Zwei Tage danach spielte ich bei Teresa mit mir im Hinterzimmer ihrer Bierbar Billard. Im alles entscheidenden Moment wirbelte Ulli durch die Tür, als sei die Drogenfahndung, auf der Jagd nach seinem köstlichen Mohnkuchen, hinter ihm her.
„Komm mit!“, keuchte er, völlig außer Atem.
Und mir rutsche der blöde Holzstock von der Hand.
„Da sind irgendwelche Abgestürzte, die zu dir wollen.“
Das Spiel war verloren. Verdammt! Die erste Niederlage gegen mich. Ich legte das Queue aufs grüne Tuch und schloss mich Ulli an.
War ganz schön was los in diesen Tagen. Über zu wenig Abwechslung konnte ich nun wirklich nicht klagen.
Um meinem Selbsterhaltungstrieb die Entscheidung zu erleichtern, machte ich einen kleinen Umweg und pirschte mich von hinten über die Seitenstraße an die Konditorei heran zu dem Fenster, das den Verkaufsraum erhellte. Ich sah Ulli durch sein Geschäft in die Backstube gehen und, es brachte mich fast an den Rand der Verzweiflung, vier mir nicht unbekannte Gestalten. Seelenruhig tranken sie Kaffee und quasselten angeregt mit Biggi über die Kuchentheke hinweg.

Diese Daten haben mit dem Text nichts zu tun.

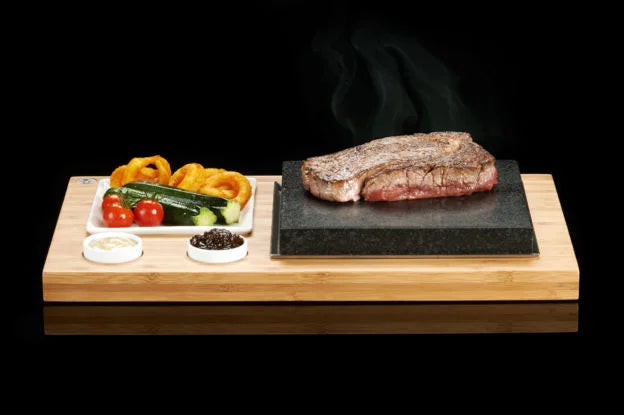 SIZZLING STEAK PLATE & SAUCES SET (SS002B) – BUY 4 SETS AND GLOVES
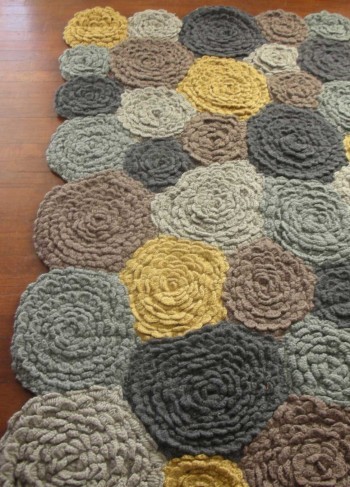 Meadowflower Rug via VivaTerra - Textiles Board on Oaxacaborn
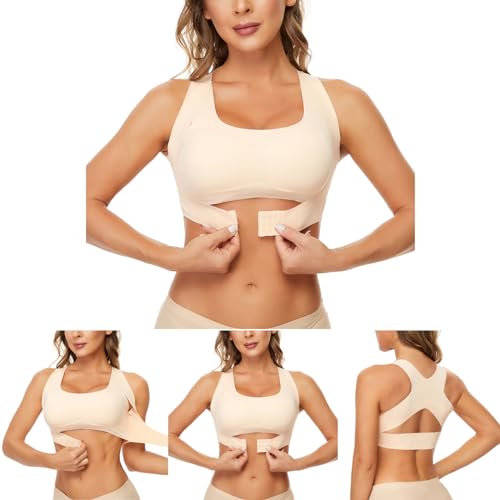 YEBIRAL Sport BH Damen Starker Halt Große Brüste Ohne Bügel Frauen Bra Push Up Bustier Große Größen BHS Soft Komfort Gekreuzt Rücken Yoga Bras Atmungsaktiver Schlaf BH für Fitness Lauf Joggen L-5XL von YEBIRAL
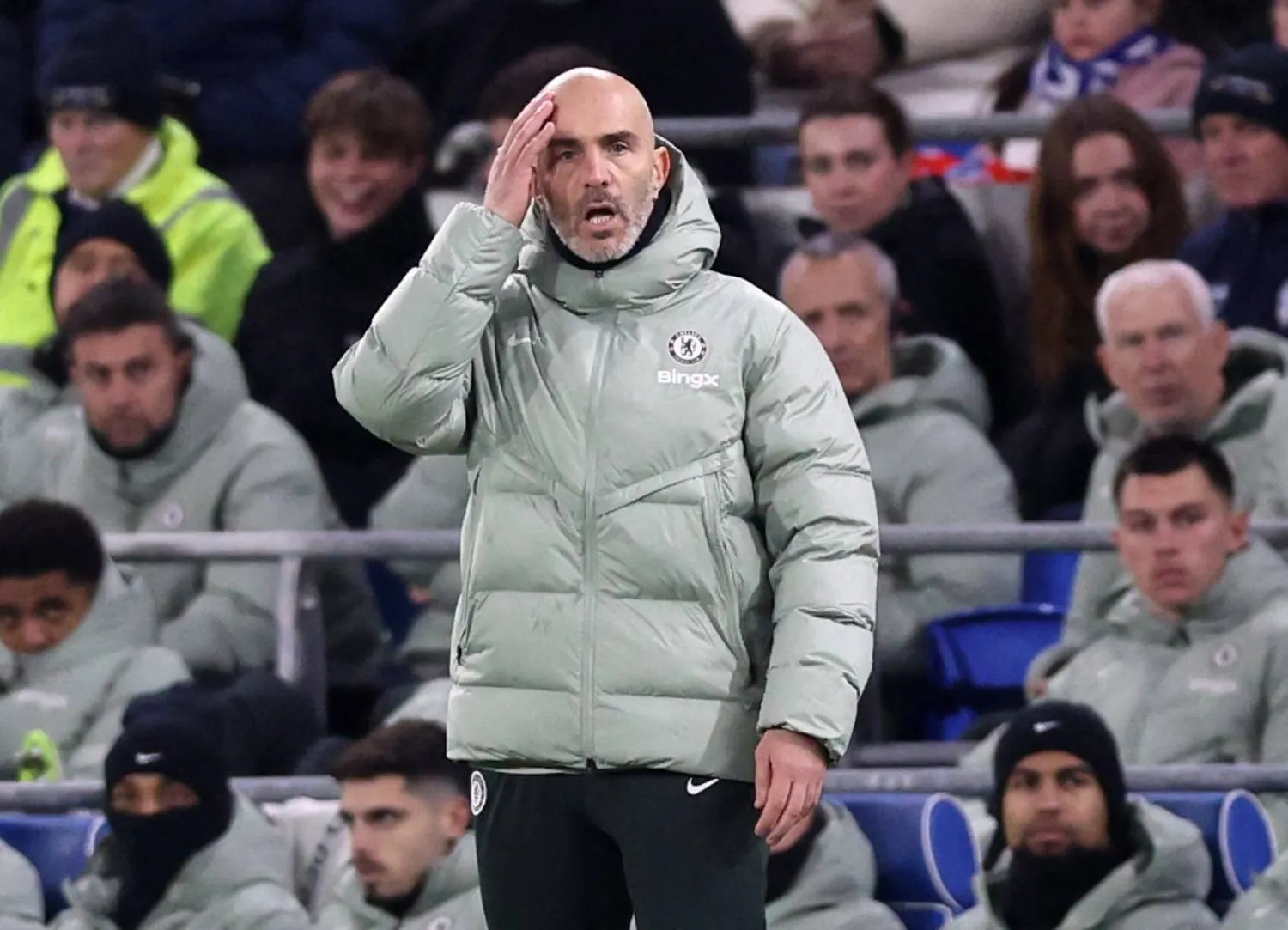 الإيطالي إنزو ماريسكا مدرب تشيلسي (رويترز)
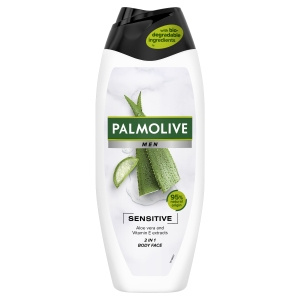 Palmolive Men Sensitive żel pod prysznic dla mężczyzn dla skóry wrażliwej 2w1 500ml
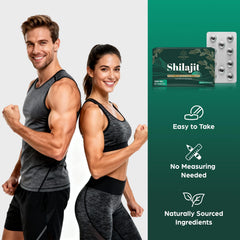 Kanacoufce Shilajit bottle back label — clear ingredients and safety information.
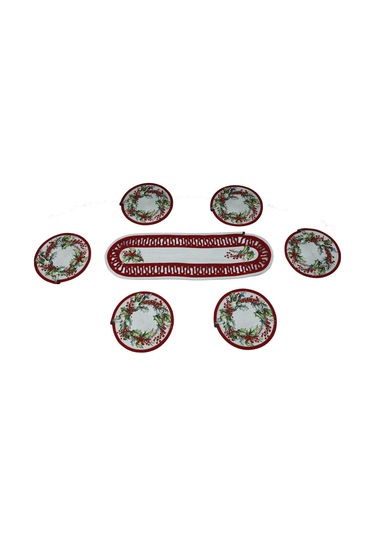 E38 El İşçiliği Yemek Seti Jüt Sepet,runner,supla Sunum Tabak Altlığı - 6167 Karışık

Den angenehm Überraschten spielend, betrat ich freundschaftlich lächelnd die Pasteleria und begrüßte drei ungepflegte Männer und eine Frau mit wirrem Haar. Peter, den bierbäuchigen Buchhändler, dem sein grauer Vollbart und das lange schüttere Haar älter als dreiundvierzig erscheinen ließ. Neben ihm der milchgesichtige, einundzwanzigjährige, kurzhaarige Gregor. Ich mochte dieses Großmaul noch nie. An und für sich mochte ich keinen der Vier. Sie kamen aus Fürth bei Nürnberg, zählten sich zu den Autonomen und waren für mich nie mehr als ein Teil meines Jobs. Hinter den beiden sagte Werner etwas zu Biggi, die auf der anderen Seite der Theke stand, eine Kaffeetasse in Händen hielt, dämlich grinste und so tat, als würde sie ihn verstehen. Werner war Anfang zwanzig, gemütlich und beunruhigend intelligent. Eigentlich eher der Prototyp eines intellektuellen Softies: spindeldürr mit dunklem, langem fettigem Haar und Vollbart. Was diesen einschläfernd langsam sprechenden, quasialternativen Müsli in die autonome Szene trieb, war mir schleierhaft.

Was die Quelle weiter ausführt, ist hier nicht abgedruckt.